(Dataset entries)
....
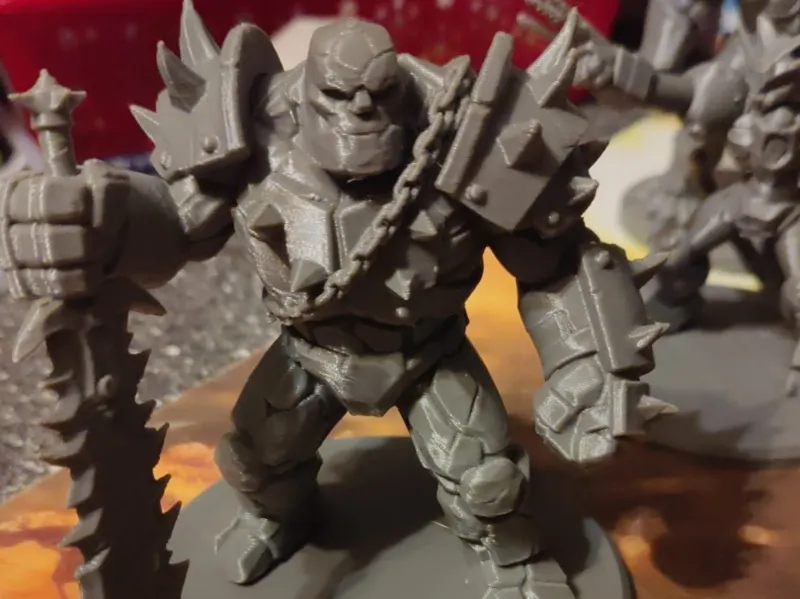 Golem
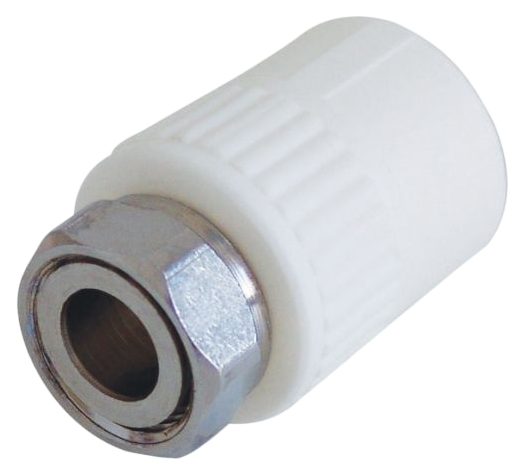 ����� Kalde 3222-tun-321a00 32x1 1/4" � �������� ������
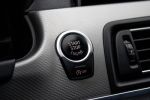 BMW Rad 6 2015 na predaj – fotografia 25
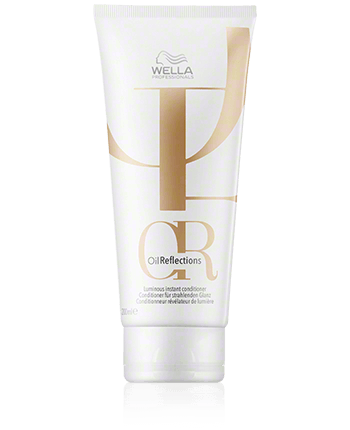 Wella Professionals Oil Reflections Conditioner 200ml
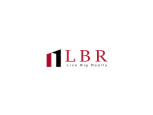 Live Big Realty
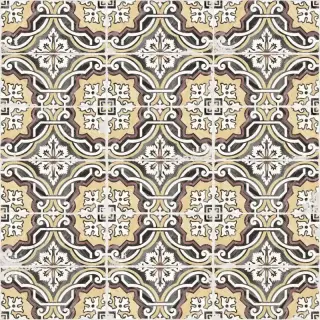 APARICI SAO LUIS NETO NATURAL 59.2х59.2 G-3146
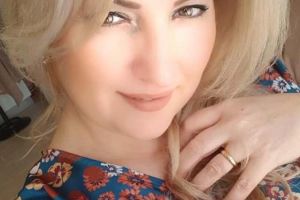 Mariana, spune drept! PSD-ista Mariana Blaga din Consiliul Local Oradea s-a dat avocată, dar nu e!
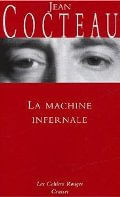 Cover book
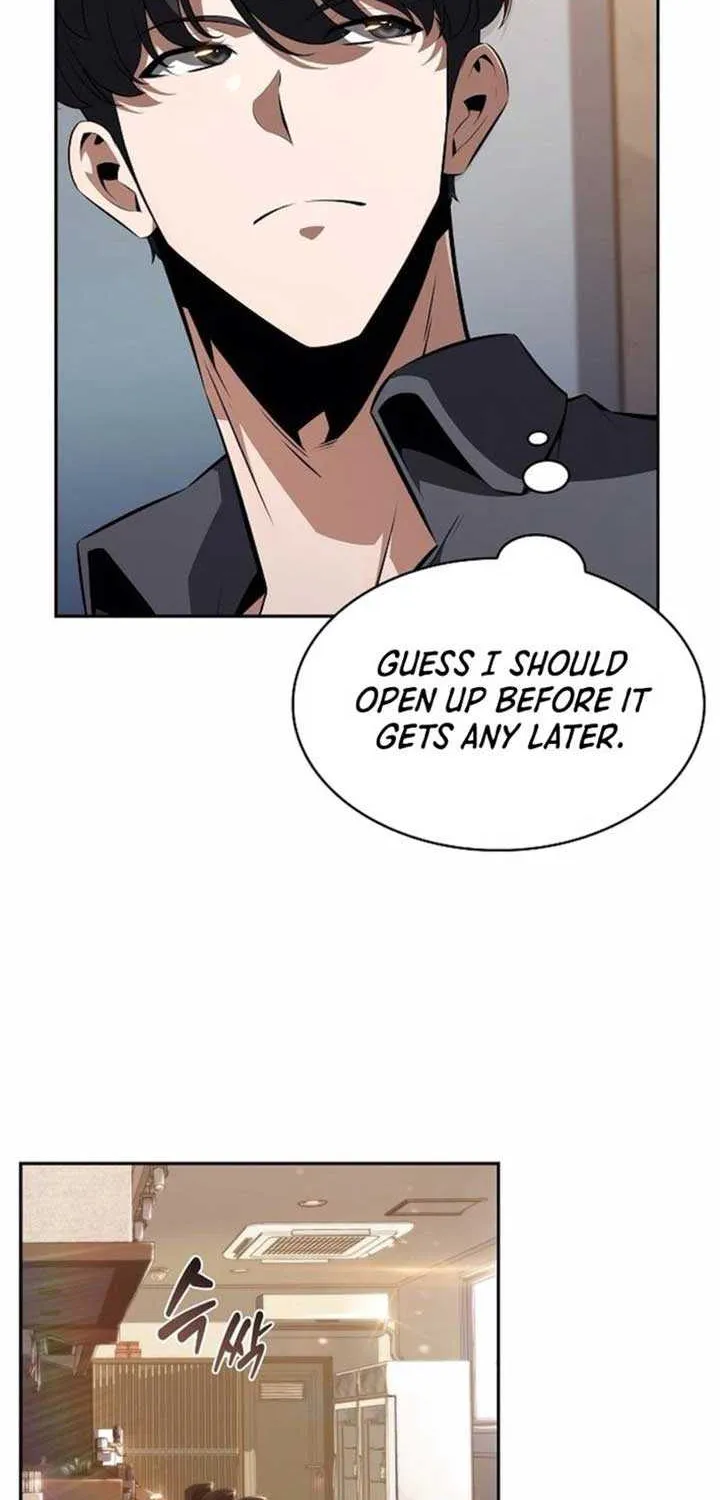 Chapter 13 — page 77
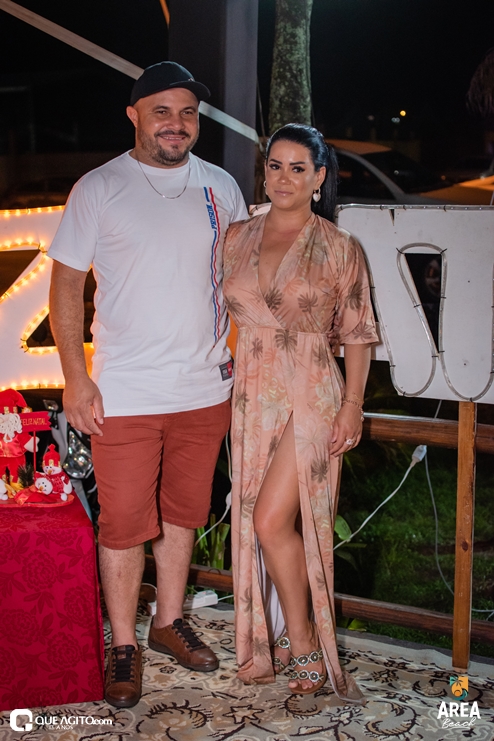 DSC_0115 Simplesmente perfeita a Ceia de Natal da Cabana Area Beach 246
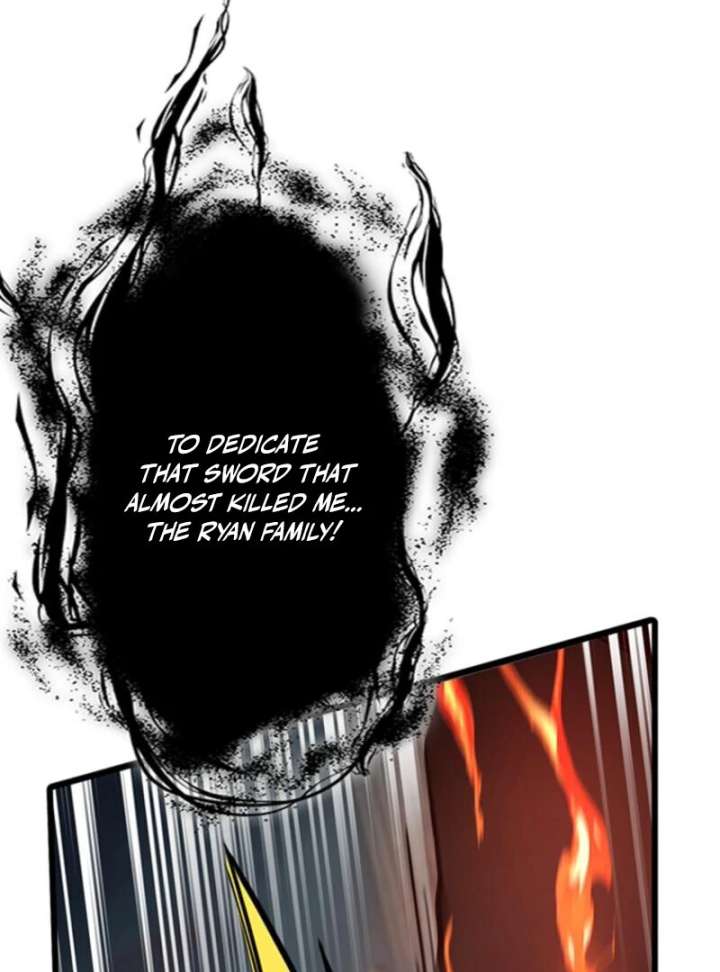 139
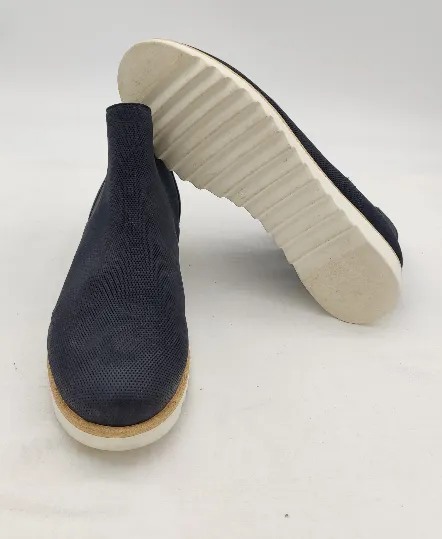 Tamaris - Damenschuhe Gr. 40 – Bild 2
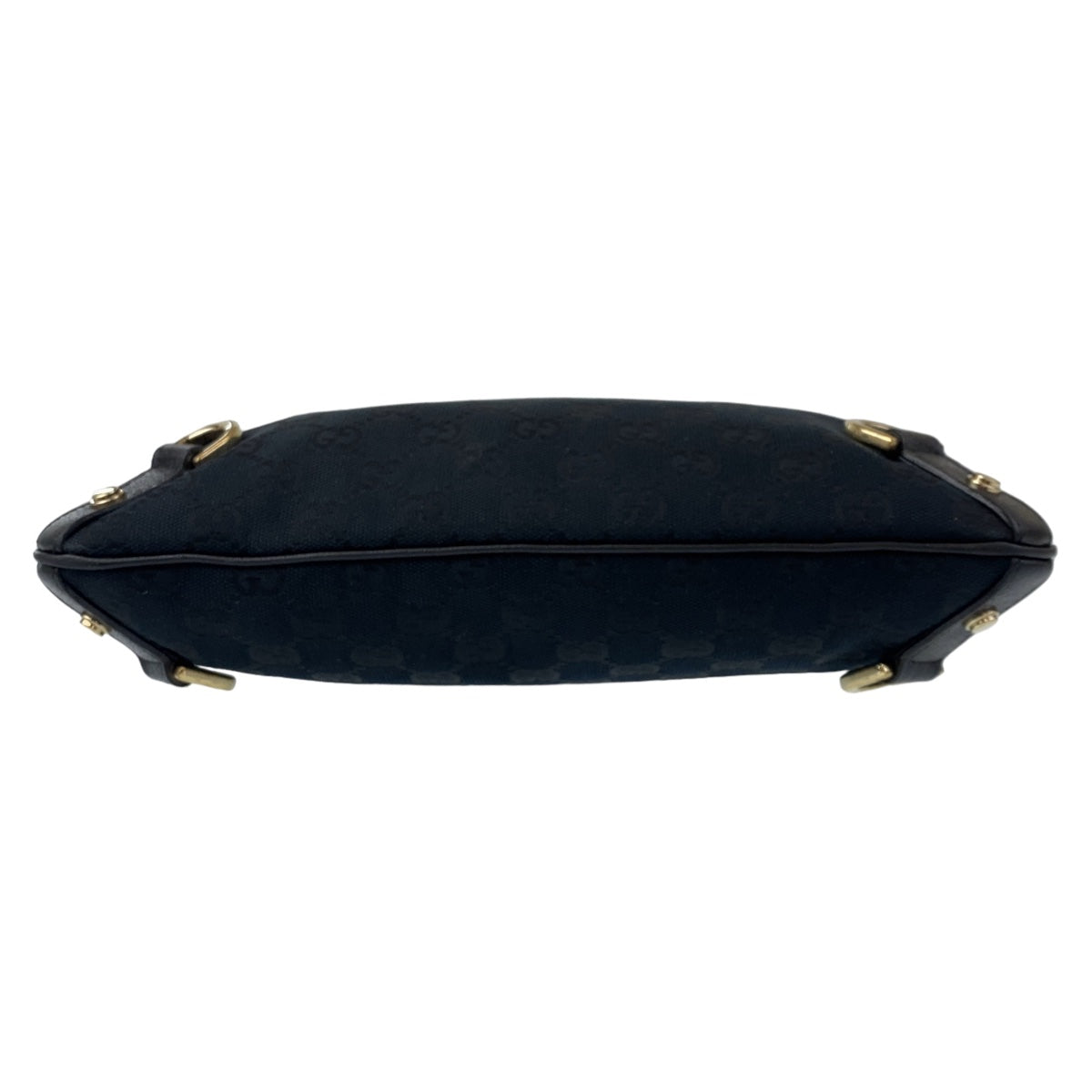 Drift Supply - GGC1 BAG - 2799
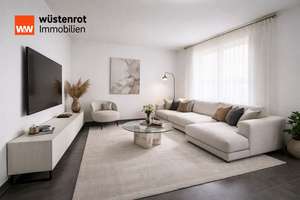 Haus mit Baugrundstück – ideal für Familien oder Investoren – Die vollständige Adresse der Immobilie erhältst du vom Anbieter., 47137 Obermeiderich, Duisburg – Vorschaubild 2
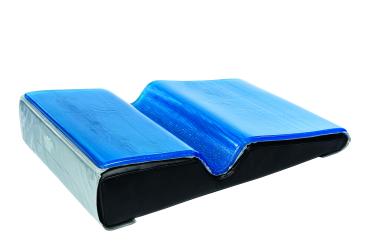 Gel Lateral Pad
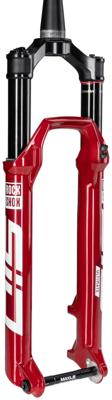 Rockshox Verende voorvork 29" sid ultimate race day d1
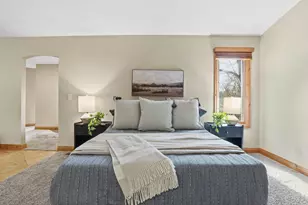 1962 W County Rd 16, Loveland, CO 80537 - Photo 31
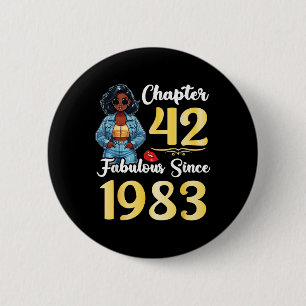 Niedliches Girl Chapter 42 Years Old Fabulous seit Button
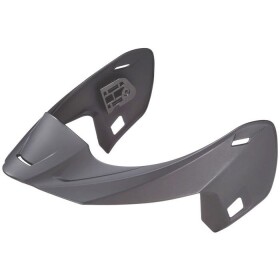 Kšilt Scorpion Exo-930 cementově šedý - uni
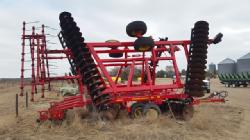 TR-103 (8)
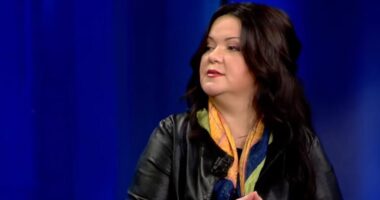 Rithemelimi i përçarë për ndryshimet/ Bushati: Me urgjencën që s’kemi kohë u kalua, kjo praktikë e anëtarësimit nuk ishte e panjohur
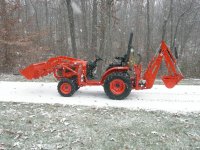 tractor.jpg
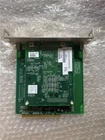 Ethernet BOARD NETWORK for DATAMAX I-CLASS 4208 I-4212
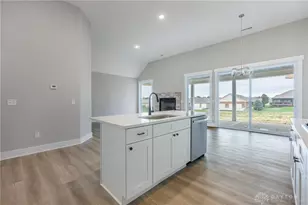 920 Wright Cycle Blvd, Xenia, OH 45385 - Photo 8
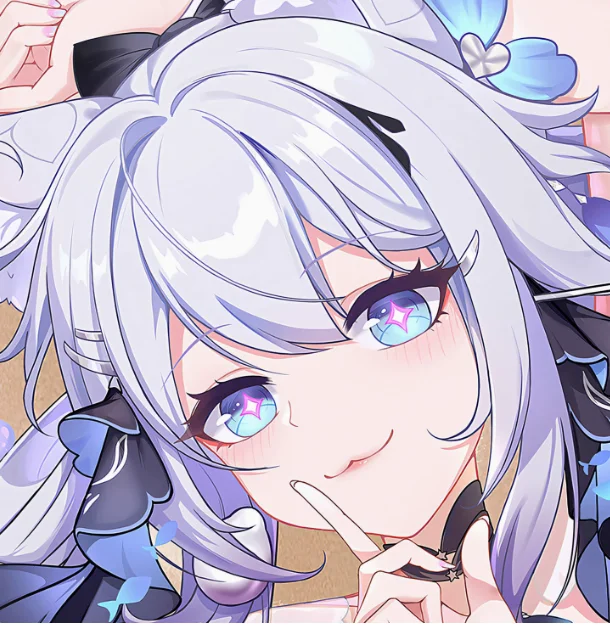 Японское аниме Honkai Impact 3 киана каслана Сексуальная дакимакура обнимающая подушка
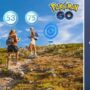 Pokémon Go anuncia atualização que reformula totalmente o sistema de níveis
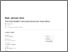 [thumbnail of Hasil Turnitin]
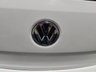 USED 2017 17 VOLKSWAGEN POLO 1.2 TSI BlueMotion Tech Match Edition Hatchback 5dr Petrol DSG Euro 6 (s/s) (90 ps) 1 OWNER - PARKING SENSORS-A/C-DAB-PRIVACY GLASS-HEATED FRONT SEATS-SERVICE HISTORY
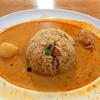 8月後半の食の忘備録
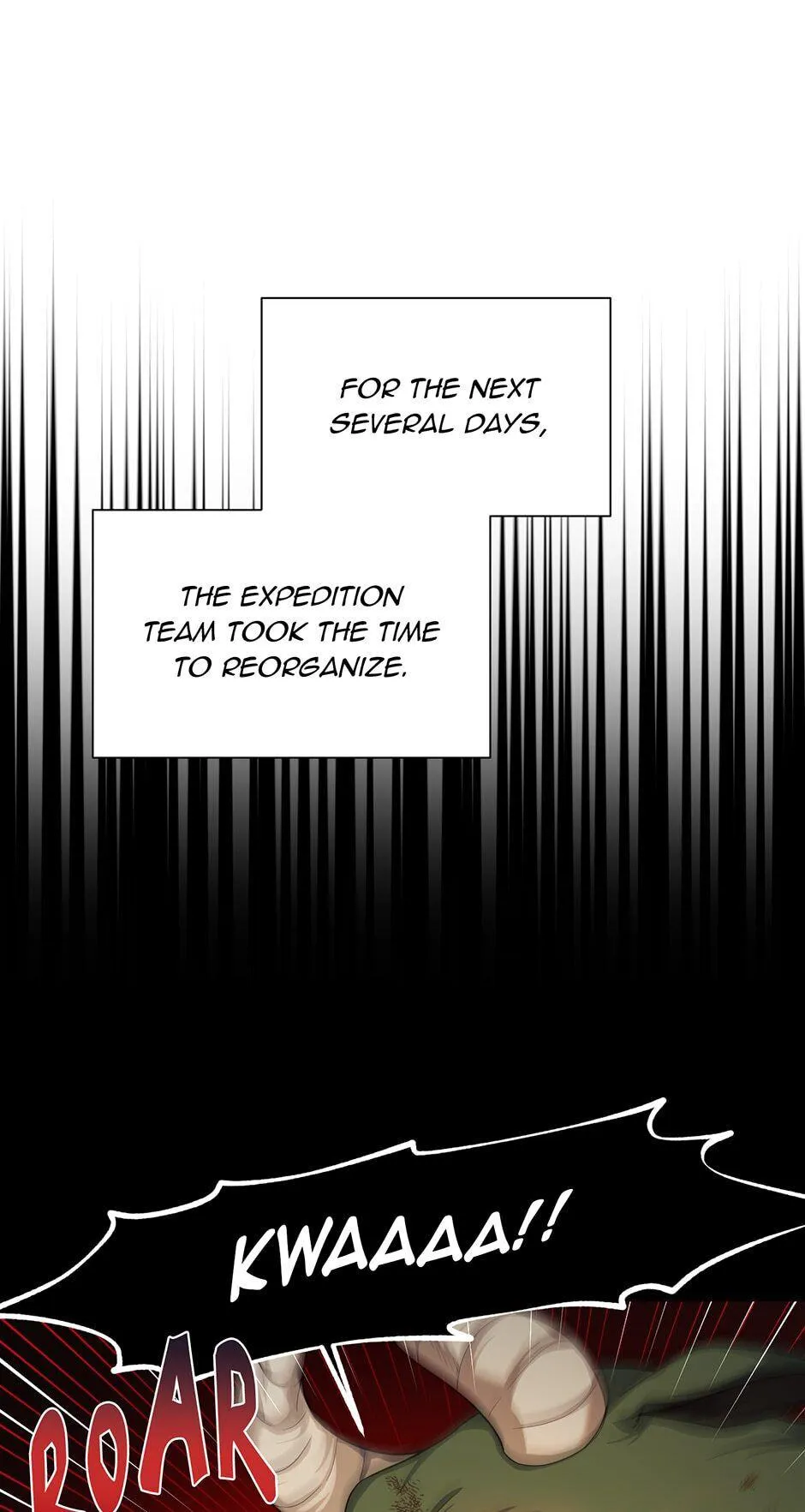 The Soulless Duchess Chapter 88 Online - página 12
....
:: ACTION ITEM ::
What is needed is an exact copy of all the entries above, minus the pictures.

:: RESULT ::
 Golem
 ����� Kalde 3222-tun-321a00 32x1 1/4" � �������� ������
 BMW Rad 6 2015 na predaj – fotografia 25
 Wella Professionals Oil Reflections Conditioner 200ml
 Live Big Realty
 APARICI SAO LUIS NETO NATURAL 59.2х59.2 G-3146
 Mariana, spune drept! PSD-ista Mariana Blaga din Consiliul Local Oradea s-a dat avocată, dar nu e!
 Cover book
 Chapter 13 — page 77
 DSC_0115 Simplesmente perfeita a Ceia de Natal da Cabana Area Beach 246
 139
 Tamaris - Damenschuhe Gr. 40 – Bild 2
 Drift Supply - GGC1 BAG - 2799
 Haus mit Baugrundstück – ideal für Familien oder Investoren – Die vollständige Adresse der Immobilie erhältst du vom Anbieter., 47137 Obermeiderich, Duisburg – Vorschaubild 2
 Gel Lateral Pad
 Rockshox Verende voorvork 29" sid ultimate race day d1
 1962 W County Rd 16, Loveland, CO 80537 - Photo 31
 Niedliches Girl Chapter 42 Years Old Fabulous seit Button
 Kšilt Scorpion Exo-930 cementově šedý - uni
 TR-103 (8)
 Rithemelimi i përçarë për ndryshimet/ Bushati: Me urgjencën që s’kemi kohë u kalua, kjo praktikë e anëtarësimit nuk ishte e panjohur
 tractor.jpg
 Ethernet BOARD NETWORK for DATAMAX I-CLASS 4208 I-4212
 920 Wright Cycle Blvd, Xenia, OH 45385 - Photo 8
 Японское аниме Honkai Impact 3 киана каслана Сексуальная дакимакура обнимающая подушка
 Pokémon Go anuncia atualização que reformula totalmente o sistema de níveis
 [thumbnail of Hasil Turnitin]
 USED 2017 17 VOLKSWAGEN POLO 1.2 TSI BlueMotion Tech Match Edition Hatchback 5dr Petrol DSG Euro 6 (s/s) (90 ps) 1 OWNER - PARKING SENSORS-A/C-DAB-PRIVACY GLASS-HEATED FRONT SEATS-SERVICE HISTORY
 8月後半の食の忘備録
 The Soulless Duchess Chapter 88 Online - página 12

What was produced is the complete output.